[Flash 10 is required to watch video]

Video from our 3D camera tests. We’ve been experimenting with the Kinnect 3-D camera and how we can harvest the data it produces, and you can see some of the results here.

We’ve been interested in developing an interactive element to LightWeight, our 4m diameter inflatable outdoor projection ball. Until recently sensors capable of helping this were either fantastically expensive or too basic to give useful information.

These camera’s though provide really good 3D information, and can even distinguish between people and objects, really useful for us. The challenge now is to get a 360 degree picture and to make the video and sound responses appropriate and engaging. More posts will follow… Chris

[Flash 10 is required to watch video]

A very early test of the Kinnect 3-D camera which we’re planning on using… (well 2.5-D at least).

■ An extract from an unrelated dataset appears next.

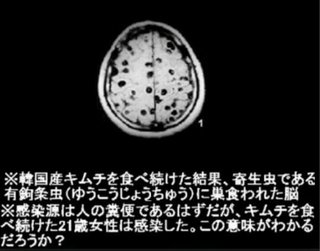 「韓国産」を「愛媛産」に　回転すし店チェーンの銚子丸が産地誤表記 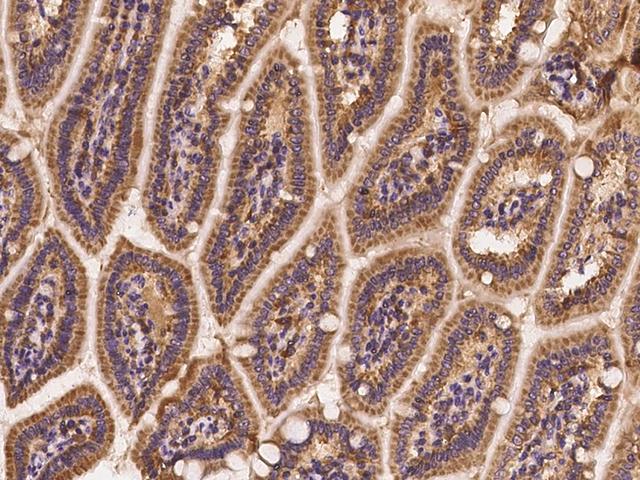 AKT2 Antibody - Immunochemical staining of mouse AKT2 in mouse small intestine with rabbit polyclonal antibody at 1:300 dilution, formalin-fixed paraffin embedded sections.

Think it looks pretty interesting and at last we have an affordable way to track where people are around the structure.

LightWeight seen here as a part of the WingBeats performance in Bridlington and Leeds during September and October 2011.

[Flash 10 is required to watch video]

Jolly Dance

Based on a 1928 beach dance sequence but inspired by the low tide dancing at South Landing beach in May, this is one of the many sequences that will be shown on LightWeight at Bridlington Spa Gardens on 23 July as part of the Wingbeats project’s Flying Day…
[Flash 10 is required to watch video]

Wool is often at the heart of a great story. The wool-making industry has historically provided a wonderful springboard for the imagination, and a wide range of visual motifs have been borrowed by storytellers through the ages from the golden fleece to the spinning wheel. It has also driven the industrialisation of areas like Slaithwaite and the surrounding Colne Valley, leading to its world-wide fame in producing fine worsted cloth.

Our projections at tonight’s Moonraking Festival in Slaithwaite make use of this rich creative tradition and will be projected onto the surface of our big beautiful moon, Lightweight. Here’s a sneak preview of one of the films we’ve edited together from very old archive footage of the local wool industry. 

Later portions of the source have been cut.